Chinese patent document CN111133964A (application No. 202010094078.X) discloses a comprehensive control method for annual nitrogen leaching loss of wheat and corn in a brown soil area, which mainly comprises a compound (mixed) fertilizer, slow-release urea, a straw decomposition agent and water-saving irrigation, wherein the method adopts the compound (mixed) fertilizer and the slow-release urea for treatment, so that the nutrient requirement of the whole growth cycle of the wheat and the corn can be guaranteed, the nitrogen redundancy in the field can be effectively avoided, and the nitrogen leaching loss is reduced to the maximum extent; by implementing the deep straw reduction and the treatment of the straw decomposition agent, the returning straws can be promoted to be decomposed fully, the nutrients can be released fully, the nutrients in the straws can be effectively utilized by crops, the application amount of the fertilizer can be reduced, and the nitrogen leaching risk can be reduced; by adopting the water-saving irrigation mode to irrigate, the soil wetting depth can be accurately controlled, the water demand of crops can be met, and water resource waste and nitrogen leaching caused by excessive irrigation can be avoided. The patent focuses on reducing the leaching loss of nitrogen in soil, and needs to be further enhanced in the aspect of improving the grain yield.
Disclosure of Invention
Aiming at the defects of the prior art, the invention provides a fertilizing method for improving the annual yield of wheat and corn.

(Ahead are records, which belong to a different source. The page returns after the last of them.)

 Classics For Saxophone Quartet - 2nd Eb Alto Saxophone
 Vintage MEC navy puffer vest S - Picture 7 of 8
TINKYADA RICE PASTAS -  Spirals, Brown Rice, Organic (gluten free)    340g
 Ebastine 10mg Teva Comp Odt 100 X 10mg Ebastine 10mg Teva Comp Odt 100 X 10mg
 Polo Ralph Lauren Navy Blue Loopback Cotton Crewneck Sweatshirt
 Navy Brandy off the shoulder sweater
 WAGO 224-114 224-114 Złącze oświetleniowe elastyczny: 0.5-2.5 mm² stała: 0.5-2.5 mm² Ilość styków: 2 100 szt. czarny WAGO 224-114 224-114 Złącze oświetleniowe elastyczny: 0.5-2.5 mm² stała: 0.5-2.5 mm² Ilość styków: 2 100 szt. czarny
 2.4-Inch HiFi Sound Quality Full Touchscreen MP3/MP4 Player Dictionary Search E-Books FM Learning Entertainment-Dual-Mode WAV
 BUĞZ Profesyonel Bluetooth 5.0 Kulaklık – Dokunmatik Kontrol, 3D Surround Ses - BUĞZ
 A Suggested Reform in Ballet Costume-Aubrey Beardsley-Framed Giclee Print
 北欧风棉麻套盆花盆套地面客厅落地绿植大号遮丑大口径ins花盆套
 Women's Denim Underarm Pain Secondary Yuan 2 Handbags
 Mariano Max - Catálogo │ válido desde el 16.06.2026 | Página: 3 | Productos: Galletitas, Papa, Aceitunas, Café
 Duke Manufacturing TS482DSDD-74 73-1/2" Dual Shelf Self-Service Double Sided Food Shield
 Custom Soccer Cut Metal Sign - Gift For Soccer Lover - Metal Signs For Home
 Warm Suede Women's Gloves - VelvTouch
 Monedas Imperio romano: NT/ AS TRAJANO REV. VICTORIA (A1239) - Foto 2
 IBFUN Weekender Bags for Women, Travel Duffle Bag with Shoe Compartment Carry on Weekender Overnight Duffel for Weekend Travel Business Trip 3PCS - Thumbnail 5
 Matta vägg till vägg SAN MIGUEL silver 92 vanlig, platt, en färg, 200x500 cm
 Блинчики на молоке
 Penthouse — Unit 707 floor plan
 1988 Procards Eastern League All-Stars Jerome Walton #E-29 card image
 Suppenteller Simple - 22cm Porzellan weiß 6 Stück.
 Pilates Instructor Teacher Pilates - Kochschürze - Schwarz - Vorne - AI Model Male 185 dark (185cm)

The technical scheme of the invention is as follows:
a fertilizing method for improving annual yield of wheat and corn comprises the following steps:
(1) crushing the previous corn straws in the field, returning the whole amount of the crushed corn straws to the field, adding water into the straw decomposition agent and the wormcast, uniformly mixing the mixture and uniformly spreading the mixture on the surfaces of the straws;
(2) spreading organic fertilizer, and rotary tillage and soil preparation;
(3) mixing a nitrogenous fertilizer, a phosphate fertilizer and a potash fertilizer, and applying the mixture below wheat seeds when wheat is planted;
(4) in the wheat jointing stage, dressing nitrogen fertilizer;
(5) after wheat is harvested, crushing wheat straws in the field, returning the whole wheat straws to the field, adding water into the straw decomposition agent and the wormcast, uniformly spreading the mixture on the surfaces of the straws, and carrying out rotary tillage and soil preparation;
(6) the nitrogen fertilizer, the phosphate fertilizer and the potassium fertilizer are mixed and applied below the corn seeds when the corn is planted.
Preferably, the wormcast is used in the steps (1) and (5) in an amount of 30-50 kg/mu.
Preferably, the straw decomposition agent in the steps (1) and (5) is powder, the dosage of the powder is 4.0-6.0 kg/mu, the powder is diluted by 150-200 times with water, and the powder is uniformly mixed with wormcast and then applied.
Further preferably, the amount of the straw decomposition agent is 4.5-5.5 kg/mu.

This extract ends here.